Voici un texte émouvant sur les ânes du Maroc découvert par mon chéri libraire. En fait il s’agit d’un extrait d’extrait. Pas étonnant, ce texte est un petit joyau de la littérature ! À chacun d’en apprécier le contenu :
De tous côtés, les petits ânes entravés par les pattes de devant se roulaient dans le fumier, ou bien sautaient comiquement, avec des gestes saccadés de jouets mécaniques, pour disputer aux poules les grains d’orge ou la paille hachée qui avaient glissé des couffins. Les pauvres, comme ils étaient pelés, teigneux, galeux, saignants ! Vraiment le destin les accable. Un mot aimable du Prophète et leur sort eût été changé. Mais le Prophète a dit que le braiement est le bruit le plus laid de la nature. Et les malheureux braient sans cesse ! Tandis qu’ils vont, la tête basse, ne pensant qu’à leur misère, un malicieux Génie s’approche et leur souffle tout bas : « Patience ! ne t’irrite pas ! Sous peu, tu seras nommé sultan ! » Un instant, la bête étonnée agite les oreilles, les pointes en avant, les retourne, hésitant à prêter foi à ce discours incroyable ; puis brusquement sa joie éclate, et dans l’air s’échappent ces cris que le plus vigoureux bâton n’arrive pas à calmer…

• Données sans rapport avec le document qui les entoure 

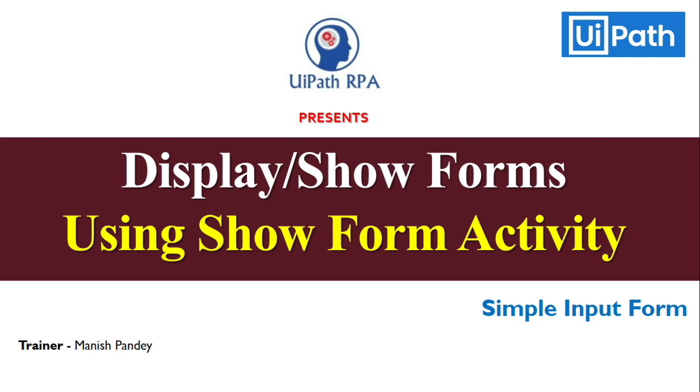Hi friends, this is Manish Pandey. Welcome back to my UiPath Forms tutorial series. In the previous video, we learned how to design a simple input form in UiPath Studio. If you have not watched that video, I highly recommend checking it out. I will also put that link in the video description.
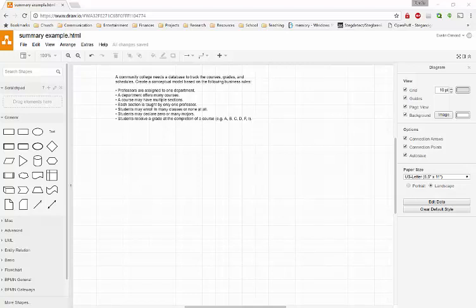For learning activity 2.8 in your slides, we're going to use draw.io to show you how to use draw.io so you can submit your assignment.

Âne charmant, toujours déçu, toujours frappé, toujours meurtri, et pourtant si résigné, si gracieux dans son martyre ! Si j’étais riche Marocain, je voudrais avoir un âne, mais un âne pour ne rien faire, un âne qui n’irait pas au marché, un âne qui ne tournerait pas la noria, un âne qui ne connaîtrait pas la lourdeur des couffins chargés de bois, de chaux, de légumes ou de moellons ; un âne que j’abandonnerais à son caprice, à ses plaisirs, sultan la nuit d’une belle écurie, sultan le jour d’un beau pré vert ; un âne enfin pour réparer tout le malheur qui pèse sur les baudets d’Islam et pour qu’on puisse dire : « Il y a quelque part, au Maroc, un âne qui n’est pas malheureux… »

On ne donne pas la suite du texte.